Exercise prompt: Your answer must hold only the lines below from the line containing "Geometrisch strukturierte Ohrringe" through the line containing "Atemberaubende Skyline von", each reproduced exactly.
====== Supplied information
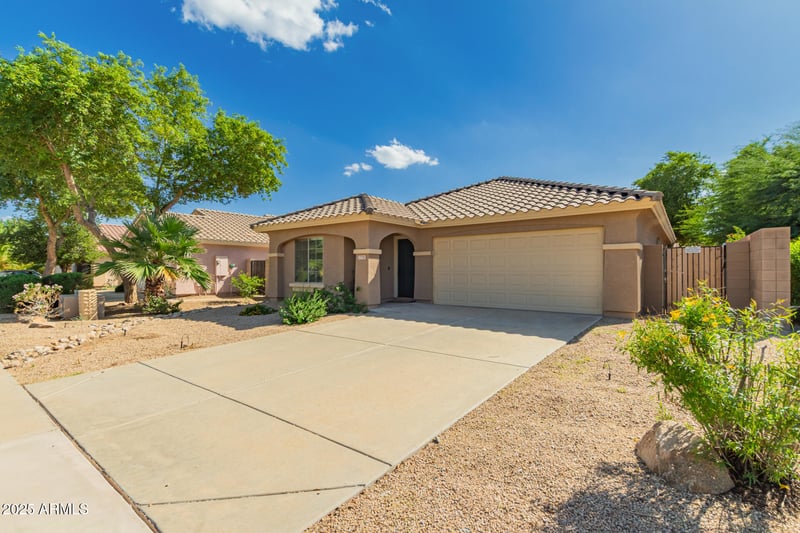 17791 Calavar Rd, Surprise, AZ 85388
============
====== Supplied information
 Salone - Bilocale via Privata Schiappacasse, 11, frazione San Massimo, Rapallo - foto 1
============
====== Supplied information
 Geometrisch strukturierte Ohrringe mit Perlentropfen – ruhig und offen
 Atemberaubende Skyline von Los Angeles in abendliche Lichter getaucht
============
Result for this exercise:
 Geometrisch strukturierte Ohrringe mit Perlentropfen – ruhig und offen
 Atemberaubende Skyline von Los Angeles in abendliche Lichter getaucht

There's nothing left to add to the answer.